Nos_familles_dans_la_Grande_Guerre.jpg- Pourquoi ce livre ?
- Mon éditeur, voulant publier un livre sur la Grande guerre à l’occasion du Centenaire, m’a proposé d’en écrire un. J’ai commencé par lui répondre que je n’étais pas historien. Mais en pensant à ce qu’avaient vécu des familles que je connais – et certaines branches de la mienne, j’ai réalisé que cette guerre avait modifié, bousculé, infléchi nombre de trajectoires familiales. J’ai ainsi réalisé que l’on n’avait jamais cherché à mesurer l’impact de cette guerre sur le destin des familles, et que c’était là un sujet original et sur lequel je pouvais, en tant qu’historien-généalogiste, travailler en toute légitimité.

- Comment avez-vous procédé ?
- J’ai commencé par lancer des appels à témoins, que les media ont immédiatement relayés : Notre Temps, le Journal du Dimanche,… et bien sûr GeneaNet et la Revue Française de Généalogie…  Et j’ai reçu près de 700 témoignages ! Je les ai lus, inventoriés, classés, en fonction des situations décrites.

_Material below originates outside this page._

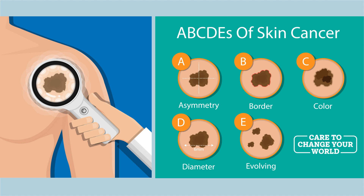C is color. So if a spot is multicolored — different colors of brown, blue, black, red — you need to come in and have that checked out. D is diameter, so something that is larger than the size of a pencil eraser. That could also be a concerning sign, especially if it's something that's new.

J’ai ensuite contacté la plupart des familles et travaillé avec elles, dans un total climat de compréhension et de confiance.

- En fait, il n’y a pas que les témoignages…

- J’ai voulu faire un livre complet : le livre que j’aurais voulu moi-même trouver. Un livre éclairant au maximum la vie des familles face à la guerre, et ai donc ajouter une trentaine de dossiers, consacrés à des sujets satellites (mobilisation, pensions, grippe espagnole, don d’or, marraines de guerre, « gueules cassées », monuments aux morts…). Sans oublier des pages techniques, donnant des références et des directions de recherches, pour qui veut travailler sur un ancêtre Poilu.

- Et l’écriture ?
- L’émotion étant là, partout, j’ai voulu rendre au maximum la parole aux familles. Le plus souvent, ce sont donc les enfants, petits-enfants ou arrière petits-enfants du poilu, qui parlent. Une photographie aide parfois à prendre la mesure et parfois deux, « avant » et « après » la guerre.
J’ai voulu humaniser au maximum ce livre, en citant les noms, les prénoms, les âges et les lieux précis. J’ai gommé l’anonymat, pour que le lecteur puisse « entrer » avec moi « dans les familles » et sentir les destins modifiés. Voilà les Grézanlé, paysans du Loir-et-Cher : douze fils en 1914 ; plus que six en 1919 (le triste record...). Voilà Lydia, fils de gros viticulteurs de l’Hérault, veuve de guerre, contrainte d’épouser son beau-frère. Voilà Julien, un petit vendéen en sabots, à qui la mobilisation offrira l’occasion de s’élever. Miracle des infirmières, voilà Eloi Lepers, un gars du Nord, qui se mariera à Brive, alors que les Plouzennec, du Finistère, se retrouveront en Languedoc, et que la fratrie des Visigny, de Crécy-au-Mont, dans l’Aisne, sera définitivement séparée.
Avec la guerre, ce sont des couples qui se forment et d’autres qui éclatent. Des familles ruinées – et d’autres qui s’enrichissent… Des familles brouillées et d’autres réunies.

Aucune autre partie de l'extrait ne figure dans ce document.